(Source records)
******************************
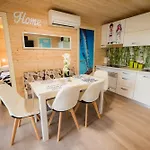 Glamping Krone Kolpa Heaven 假日公园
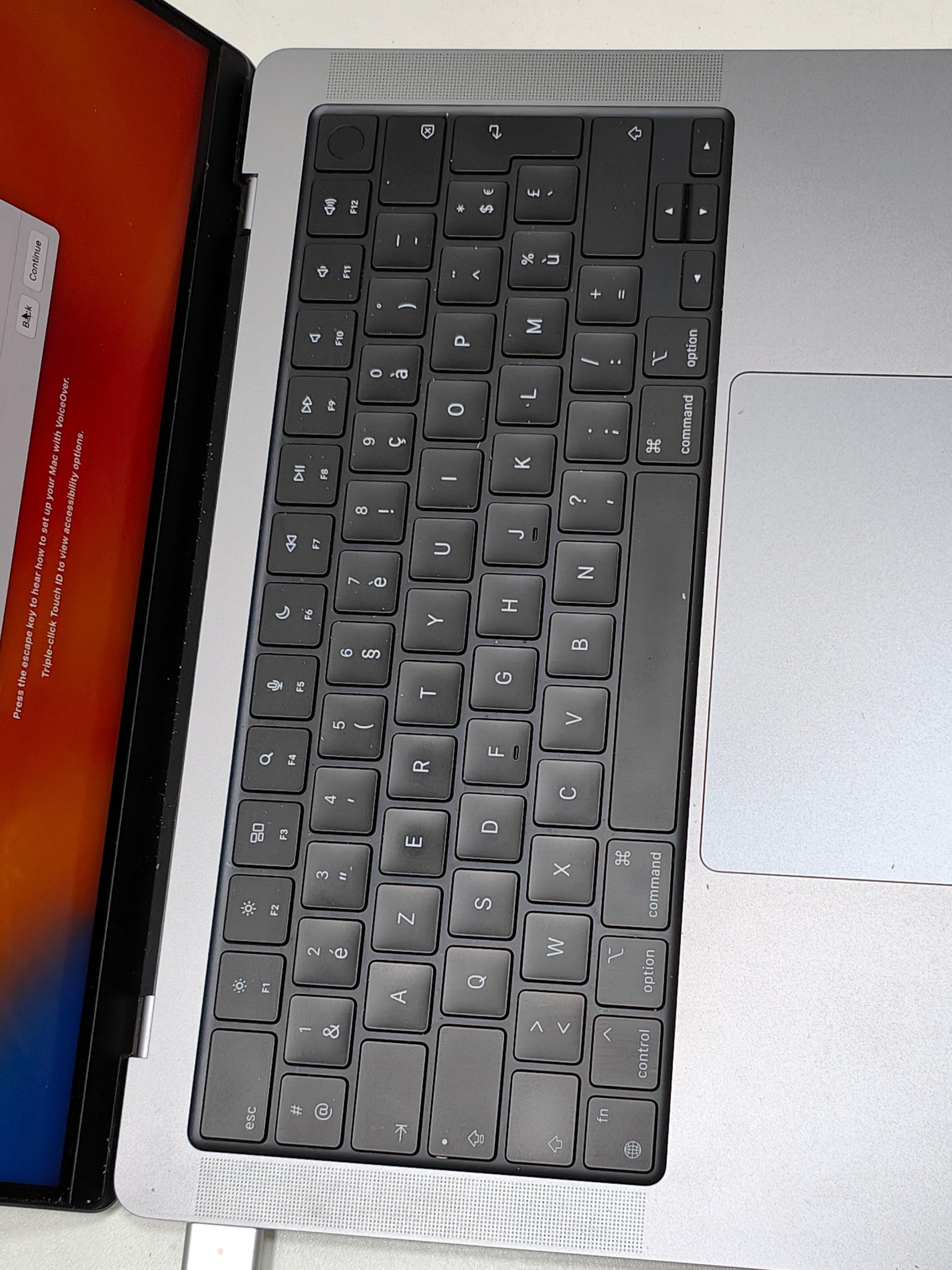 Apple MacBook Pro 14" (2021) M1 Pro (8/14) 16/1 To SG AZERTY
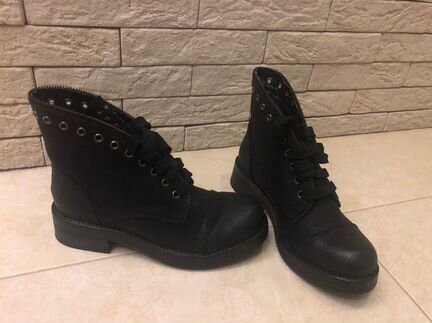 Ботинки размер 36
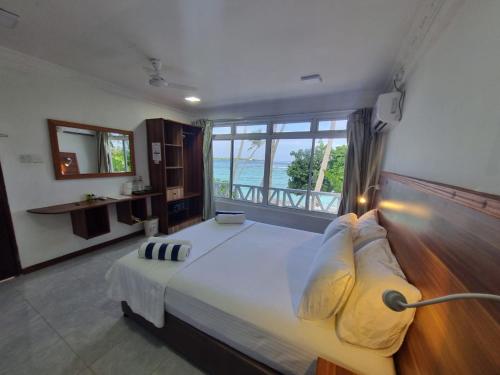 Ένα ή περισσότερα κρεβάτια σε δωμάτιο στο Batuta Maldives Surf View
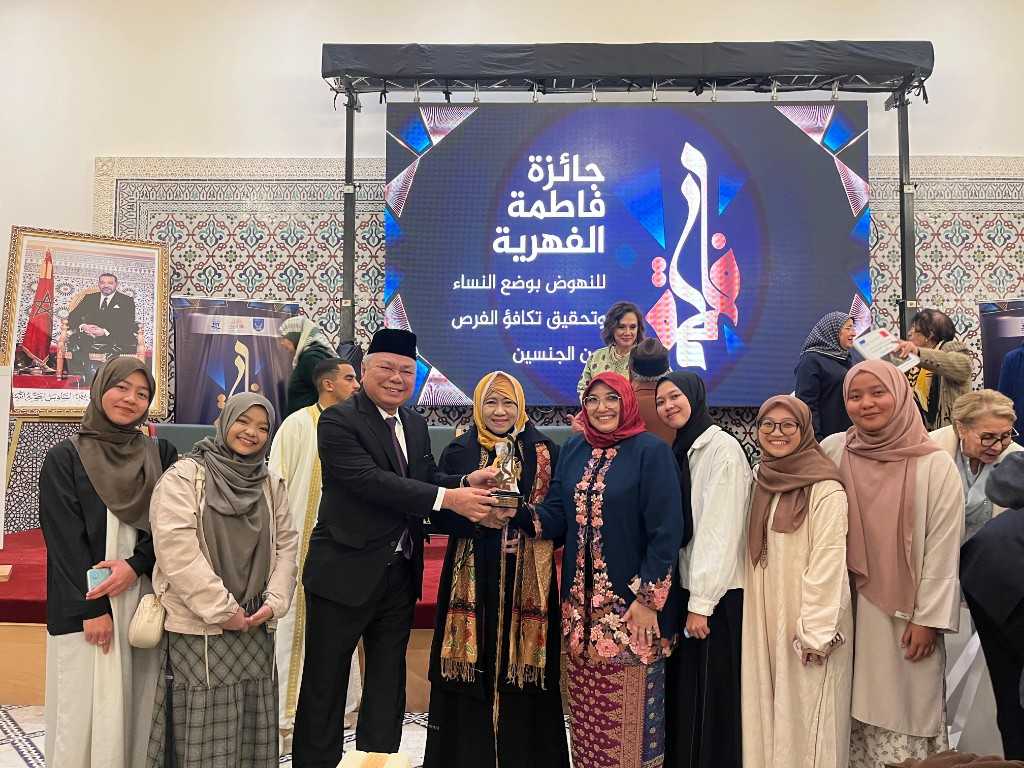 Prof. Amany Lubis Raih Penghargaan Internasional Fatimah Al Fihriyah dari Kerajaan Maroko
******************************
= PROBLEM =
Every line above should be retyped exactly; the pictures do not belong in the copy.

= SOLUTION TO THIS PROBLEM =
 Glamping Krone Kolpa Heaven 假日公园
 Apple MacBook Pro 14" (2021) M1 Pro (8/14) 16/1 To SG AZERTY
 Ботинки размер 36
 Ένα ή περισσότερα κρεβάτια σε δωμάτιο στο Batuta Maldives Surf View
 Prof. Amany Lubis Raih Penghargaan Internasional Fatimah Al Fihriyah dari Kerajaan Maroko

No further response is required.